“Se a Igreja não intervier nesses casos, ela negará a
sua natureza. Ela tem de estar ao lado do pobre, do sofredor, do
explorado. Ela não deve tomar o lugar de ninguém, mas tem de ser
solidária ao povo”.
É com essa declaração que o arcebispo emérito de
Porto Velho, Dom Moacyr Grechi, reafirma o posicionamento que a Igreja
deve tomar diante da construção de empreendimentos no Norte e Nordeste
do país, como as hidrelétricas de Jirau e Santo Antônio, que estão sendo
construídas no rio Madeira, gerando impactos às populações ribeirinhas e
ao meio ambiente. Depois de uma longa trajetória ao lado das
Comunidades Eclesiais de Base – CEBs, no Acre, onde foi bispo, e em
Porto Velho, onde foi arcebispo, Dom Moacyr destaca que a questão
ambiental e ampliação das periferias nos estados brasileiros merecem
atenção da Igreja. “É na periferia que o crime organizado continua.

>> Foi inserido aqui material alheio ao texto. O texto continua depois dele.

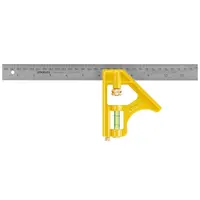 Прав ъгъл с метален нивелир Stanley  300 мм, 2-46-028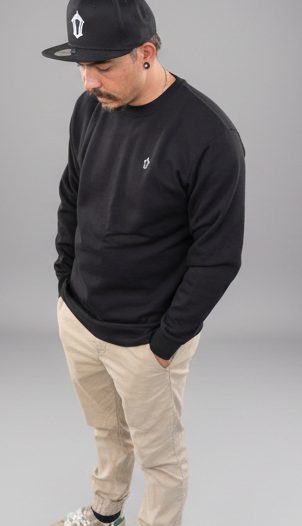 Long sleeve Embroidered Crew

Muitos jovens são mortos e, além disso, a droga é algo comum nesses
locais. Então, as periferias são um grande desafio para a Igreja hoje”,
assinala. Na entrevista a seguir, concedida por telefone à IHU On-Line,
Dom Moacyr descreve um pouco da trajetória da Igreja na Amazônia e
critica: “Quando assisto aos programas de televisão da Igreja, vejo que
estão abençoando demais pela televisão. (…) A Igreja permite e até
aconselha benzer água como lembrança do batismo, como forma de gratidão
pelo batismo recebido, mas tem valorizado demais o devocionalismo, e
esquece o fundamental da pregação”.
Dom Moacyr Grechi, arcebispo emérito de Porto Velho: A Igreja tem de estar ao lado do pobre, do sofredor, do explorado. Ela não deve tomar o lugar de ninguém, mas tem de ser solidária ao povo |
Como o senhor avalia o décimo encontro da Igreja na Amazônia,
realizado em Santarém? Quais foram os temas mais candentes do encontro?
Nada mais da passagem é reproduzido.